Mari kita amati. Dalam konsep seputar Bilangan saja ada banyak hal yang sepatutnya dikontrol oleh murid-murid kita. Amati teori tentang Bilangan ini, sungguh-sungguh banyak ya yang patut dikuasai siswa-siswi kita.

Contohnya adalah konsep mengenai :

KABATAKU-Kali Bagi Tambah Kurang.

Kelihatan kan, banyak ya? Jangan lupa, itu hanya materi perihal Bilangan. Belum teori yang lain seperti Perbandingan dan sebagainya. Murid sepatutnya bisa menguasai materi itu semua sepanjang murid bersekolah di SD.

Cara mempelajari konsep Matematika itu tidak berdiri sendiri-sendiri, selalu berhubungan antara materi yang satu dengan lainnya. Berkelanjutan. Tidak terpisah-pisah. Jikalau teori itu diamati sebagai materi terpisah, karenanya bersiaplah siswa-siswi kita akan semakin kesusahan untuk menguasai serta jadi jagoan Matematika.

Agar mengetahui kondisi siswa-siswi kita yang masih duduk di jenjang sekolah dasar, secara khusus pada pemahaman pembelajaran Matematika, sebaiknya siswa kita dilatih semenjak dini untuk senantiasa berlatih memacu logikanya serta berlatih untuk mendapatkan pola Matematika-nya.

Dalam cara pembelajaran Matematika Dasar, lebih-lebih Matematika SD, kami menggunakan metode Matematika Ajaib untuk mengajarkan TAKUKABA (Tambah Kurang Kali Bagi). Tradisi Matematika Ajaib ini saya kembangkan sejak tahun 2001 dan ternyata banyak menolong siswa-siswi SD secara khusus bagi anak masih belajar Matematika di kelas 1.

Dengan metode belajar Matematika Ajaib di kelas 1 inilah siswa sudah semestinya sesering mungkin diasah nalarnya dan dilatih untuk menemukan pola yang ada dalam sebuah dilema Matematika. Tanpa logika dan mendapatkan polanya, karenanya kian susah bagi anak sekolah dasar untuk memahami dan merajai Matematika di jenjang sekolah dasar.

Melatih nalar dan melatih menemukan pola Matematika akan benar-benar membahagiakan bagi siswa, terutama di kelas 1 sekolah dasar, dalam menuntaskan masalah Matematika. Pun melatih logika dan pola ini akan sangat bermanfaat dikala siswa bertemu dengan soal kisah Matematika sekolah dasar.

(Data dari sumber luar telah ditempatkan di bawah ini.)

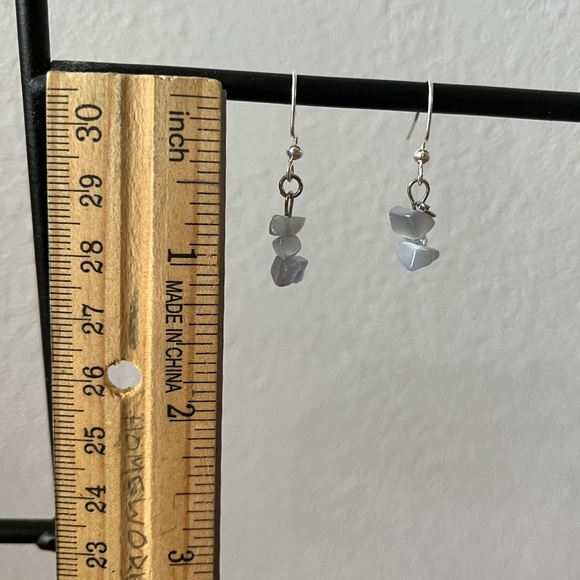 HANDMADE Baby Blue Stacked Stone Earrings - Picture 3 of 3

Oleh karena itu, sebelum mulai melatih logika dan pola siswa-siswi SD, kami memberikan pembelajaran dan pelatihan pada mereka tentang proses berhitung Tambah Kurang Kali Bagi yang bernalar dan berpola. Budaya belajar Matematika Ajaib betul-betul mudah dipelajari siswa-siswi Sekolah Dasar Kelas Satu. Lebih daripada itu murid di TK-B juga telah dapat mempelajari dan memahaminya.

Namun mengapa harus memakai cara Matematika Ajaib? Alasan dan pembahasan lebih mendalam akan kami bahas ditulisan saya selanjutnya ya. Agar Anda dan anak-anak tak merasa bosan.

Namun, jika Anda berkeinginan segera ingin memahami seperti apa metode Matematika Ajaib ini, silahkan klik tautan Matematika Ajaib berikut ini. Dan jangan ragu, seandainya ada info yang kurang paham, Anda bisa seketika bertanya dan mendiskusikannya melewati WA 0831.6493.3231 atau WA 0838.5735.4647

Selamat belajar bersama. Bersamai murid Anda agar konsisten menyukai dan menguasai Matematika SD Materi Matematika Kelas 1 SD Semester 2.